• [EXERCISE BRIEF]: One exact copy of the listing, minus the images, is the required answer.
** Opening SUPPLIED DATA block **
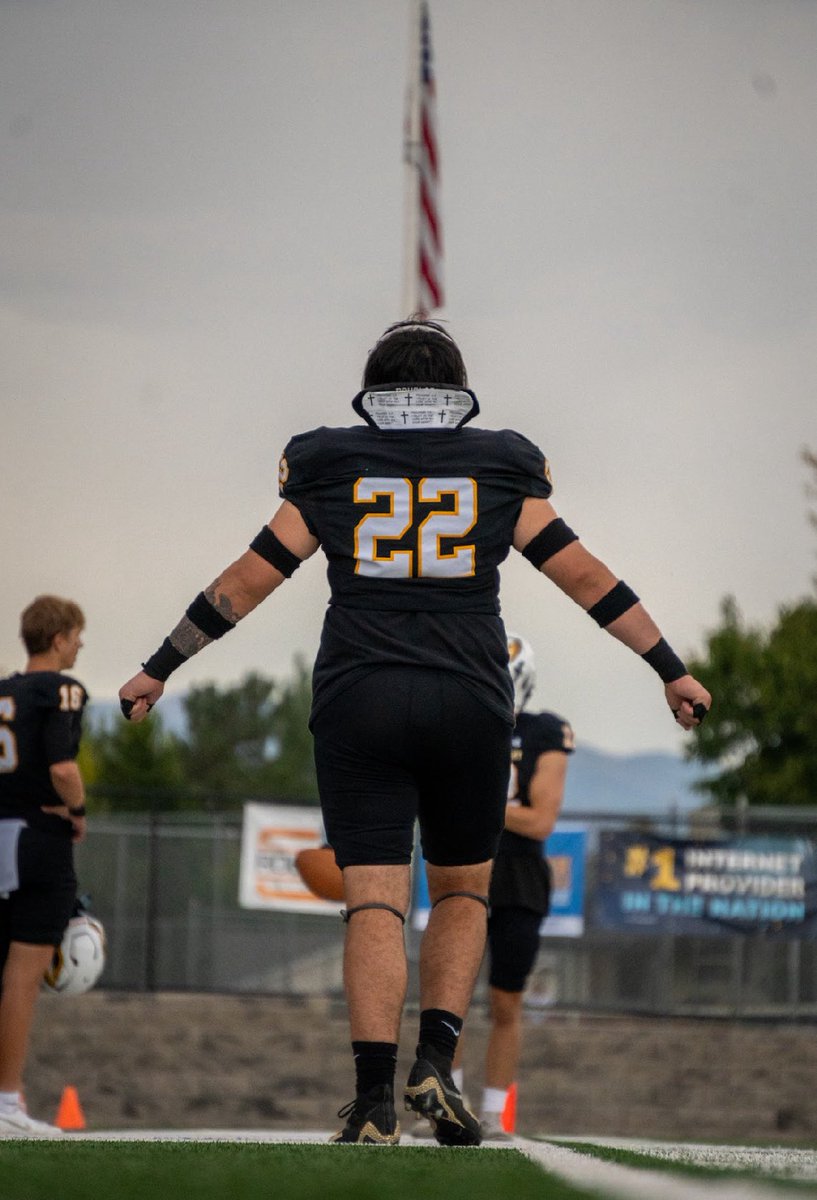 landry suarez tweet media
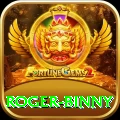 roger binny Game Max v4.9.0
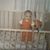 Angelique T Bardere's profile image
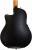 Ovation 1773AX-4 Classic классическая гитара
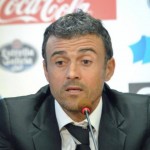luisenrique_celtavigo.jpg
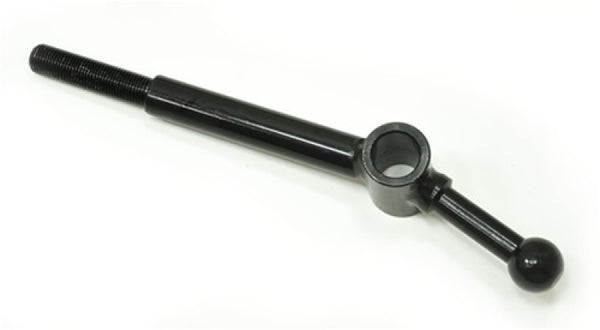 Torque Solution Short Throw Shifter Subaru Models (inc. 1998-2001 Impreza 2.5RS) - TS-SS-011 for 1998-2001 Subaru Impreza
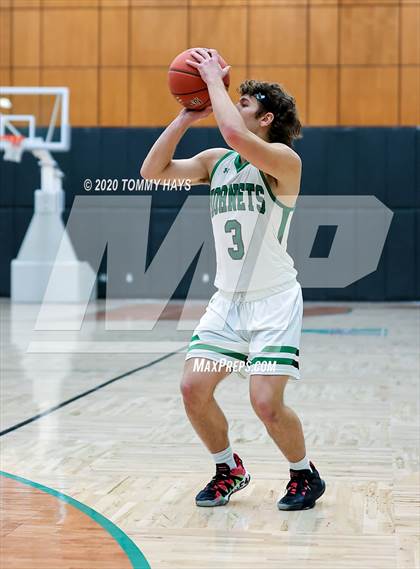 Thumbnail 2 in Brock @ Azle photogallery.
** Closing SUPPLIED DATA block **
• [YOUR SOLUTION]:
 landry suarez tweet media
 roger binny Game Max v4.9.0
 Angelique T Bardere's profile image
 Ovation 1773AX-4 Classic классическая гитара
luisenrique_celtavigo.jpg
 Torque Solution Short Throw Shifter Subaru Models (inc. 1998-2001 Impreza 2.5RS) - TS-SS-011 for 1998-2001 Subaru Impreza
 Thumbnail 2 in Brock @ Azle photogallery.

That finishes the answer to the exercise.